The Agricultural Commissioner (CAC) enforces regulations adopted under the National Organic Program (NOP) and registers businesses (producers, handlers, and retailers) prior to sales of organic products with the California Department of Food and Agriculture (CDFA). Organic handlers and retailers must submit an application to the CAC and pay a flat registration fee annually to CDFA. Growers also submit an organic registration application to the CAC for production which includes a required check of pesticide use records. The fee is based on the projected annual gross sales and is required to be submitted with the application. It must be check or money order made out to the California Department of Food and Agriculture.
2. When must a producer be certified organic?
After Organic producers have registered they may sell organic products worth up to $5000 without being certified organic. But before a producer can proceed with sales greater than $5000, annually, he must be certified organic.
The certification of producers and handlers is conducted by USDA/CDFA accredited, third party certifiers. Producers and handlers must submit an Organic Systems Plan (OSP) to the certifier for approval. The certifier conducts inspections of growing grounds, facilities, and the required operations records to ascertain that the producer is complying with all of the procedures and practices required by the NOP and then certifies the grower’s OSP. Growers pay the certifier directly and each certifier has a different fee requirement. The Agricultural Commissioner can supply you with a list of third party certifiers.

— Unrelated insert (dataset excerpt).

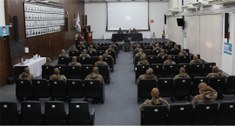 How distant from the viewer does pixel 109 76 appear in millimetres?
12719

3. What records does the Agricultural Commissioner keep that can help verify that I am eligible to be a certified organic producer?
The Agricultural Commissioner keeps records of pesticide use reports that producers are required to submit on commercial agricultural products. An Agricultural Inspector will search the pesticide use records to ensure that no prohibited pesticide has been reported on the site where organic production will take place in the past three years.
4. How do I find a third party certifier?
The agricultural commissioner can provide you with a list of third party certifiers to choose from.
5. What am I required to do as a certified organic producer?
In order to be certified as organic a grower must not have used any agricultural chemical that is prohibited by the National Organic Program for the past three years. The operation must also be certified by a USDA approved third party organization if its gross sales are $5000 or more annually. Certification will not be completed by the certifier unless the producer has registered through the CAC. Once the grower is certified he can market his commodities as “certified organic” and use the USDA organic seal.
6. What can happen to me if I operate in violation of the regulations for certified organic production?
Complaints received by CDFA or the Agricultural Commissioner regarding organic produce production, handling or labeling practices are investigated by Agricultural Inspectors. If violations of the law are found our office may recommend that the state suspends or revokes the grower’s organic registration and certification. The grower may also be required to pay a fine by the CDFA.